You could theoretically use Solr synonyms to expand the actual sharp
character (♯) to BOTH "#" AND "sharp". At index time. I guess at query
time you'd need to expand it to just one or the other -- I think
expanding to two things at query time is going to be a mess. I haven't
tried this myself, tried using Solr synonyms to expand something to more
than one alternative. I think Solr synonym analyzer supports it, but I
expect, based on what I know of how Solr works, that there will be some
gotchas.
I _do_ notice actual sharp and flat symbols in my library MARC data for
musical pieces, catalogers apparently do enter them sometimes. As most
users probably don't know how to (or won't think to) enter sharp and
flat characters directly, if it's important that these titles be
findable including the sharp/flat part, it seems like something has to
be done. But I haven't gotten to it yet. (Unless maybe all these library
records already have alternate titles listed in 246 or whatever using
straight ascii of some kind, I don't know).
In general, I've been able to avoid having to expand to multiple
synonyms -- but cant' really do that with ♯, #, 'sharp', I think,
precisely because '#' is not always a sharp sign, it can be other things
too, so you don't want to collapse all....
Wait, maybe just map ♯ to "#"? At both query and index time. Then user
can't search for "F sharp", but they can search for either "F♯" or "F#",
and both will match original source "F♯". That seems the simplest
solution. Although it would still be neat to play around with synonym
expansion to see if you can make "F sharp" at query time match too.
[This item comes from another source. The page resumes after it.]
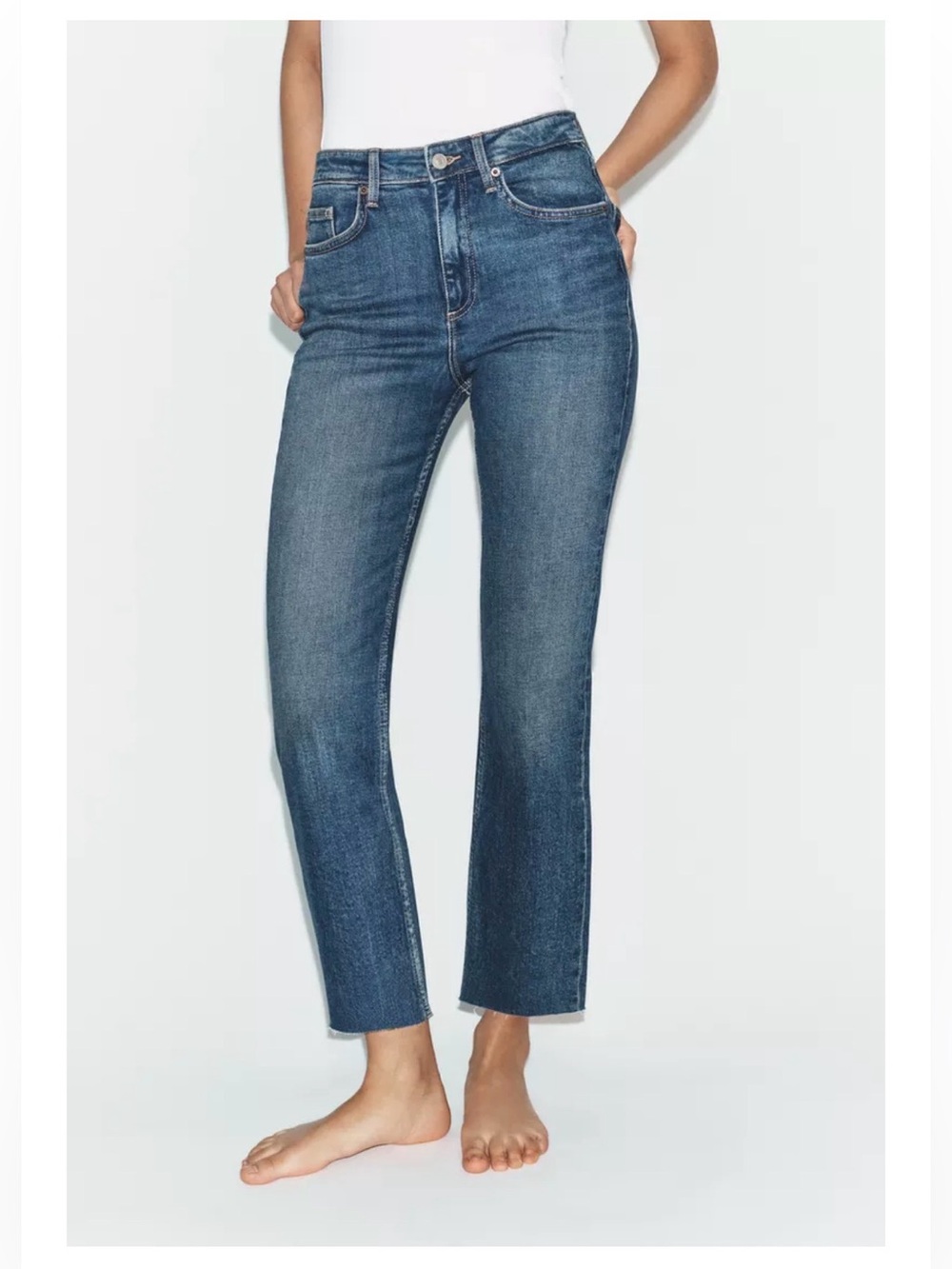 Zara Blue Jeans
On 5/31/2011 12:05 PM, Thomas Dowling wrote:
> Many thanks.
>
> I like the idea of catching the sharp and flat symbols - the only problem
> is that lazy music students tend to use "#" and "b". ("Concerto in F#
> minor for Bb Bass Clarinet").
>
> Thomas
>
>
> On 05/31/2011 11:59 AM, Jonathan Rochkind wrote:
>> Multi-word synonyms are tricky.
>>
>> You probably want to make sure this synonym is only expanded at index
>> time, and not at search time. See some background in the
>> SynonymFilterFactory section of
>> http://wiki.apache.org/solr/AnalyzersTokenizersTokenFilters
>>
>> I think the synonym approach is a fine way to search for greek letters by
>> name; it's possible some of the new Unicode stuff in Solr 3.1 might expand
>> greek letters too, but I think actually probably not (because you don't
>> neccesarily want that in the general case), I think synonyms is probably
>> your best bet. (Same for things like expanding the musical sharp or flat
>> glyph to "sharp" or "flat", which I've considered).
>>
|